Hydrogen refuelling is imperative for the emerging market of hydrogen vehicles. The pressure control valve (PCV) at the hydrogen refuelling station (HRS) plays a major role in ensuring that hydrogen delivery to the vehicle follows the prescribed refuelling protocols. A three-dimensional CFD model with a detailed resolution of PCV motion affecting heat and mass transfer is developed. The PCV motion controlling the mass flow rate is simulated using dynamic mesh. The CFD model captures refuelling from high-pressure tanks through entire HRS equipment to onboard tanks, capturing pressure and temperature changes upstream and downstream of the PCV. The Joule-Thomson effect resulting in a hydrogen temperature increase at PCV is captured using the NIST real gas database.
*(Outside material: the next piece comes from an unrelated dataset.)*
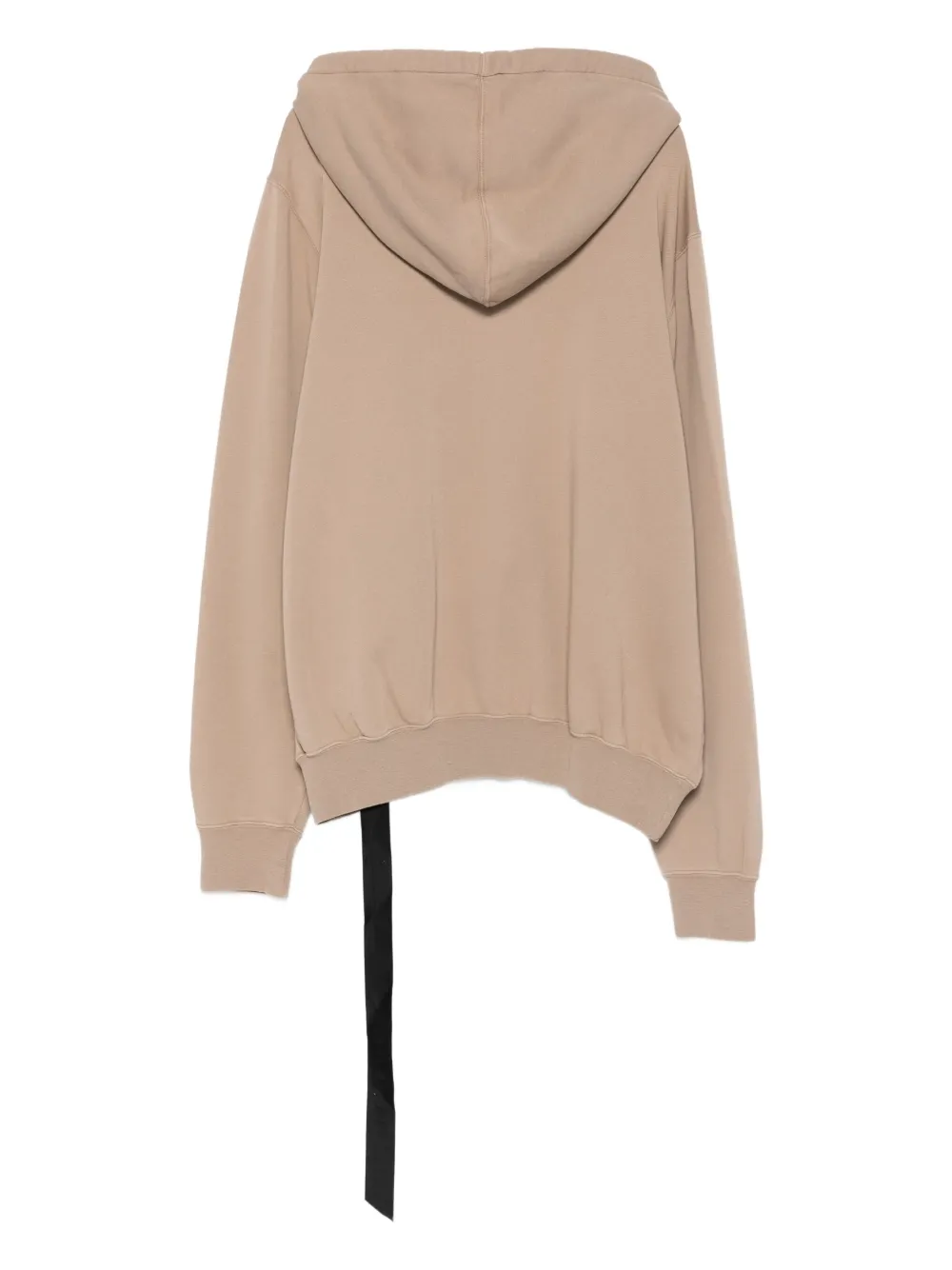 Rick Owens DRKSHDW hoodie à lien de resserrage | Hoodies | Image 2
The model is validated against Test No.1 of NREL on refuelling through the entire equipment of HRS. The CFD model can be used to design HRS equipment parameters, including PCV, and develop efficient refuelling protocols.

Original language	English
Pages (from-to)	12-32
Number of pages	21
Journal	Hydrogen Safety
Volume	1
Issue number	1
DOIs	https://doi.org/10.58895/hysafe.4
Publication status	Published (in print/issue) - 23 Sept 2024

Funding

This research has received funding from the Engineering and Physical Sciences Research Council (EPSRC) of the UK through: the Centre for Doctoral Training in Sustainable Hydrogen (“SusHy”), Grant number EP/S023909/1; UK National Clean Maritime Research Hub (UK-MaRes Hub), Grant number EP/Y024605/1; Tier 2 Northern Ireland High-Performance Computing facility (NI-HPC “Kelvin-2”), Grant number EP/T022175/1. Funding was also received from Fuel Cells and Hydrogen 2 Joint Undertaking (now Clean Hydrogen Partnership) under the European Union’s Horizon 2020 research and innovation programme through the SH2 APED project under Grant Agreement No. 101007182. Funded by the European Union. Views and opinions expressed are however those of the author(s) only and do not necessarily reflect those of the European Union or the Clean Hydrogen Partnership. Neither the European Union nor the Clean Hydrogen Partnership can be held responsible for them.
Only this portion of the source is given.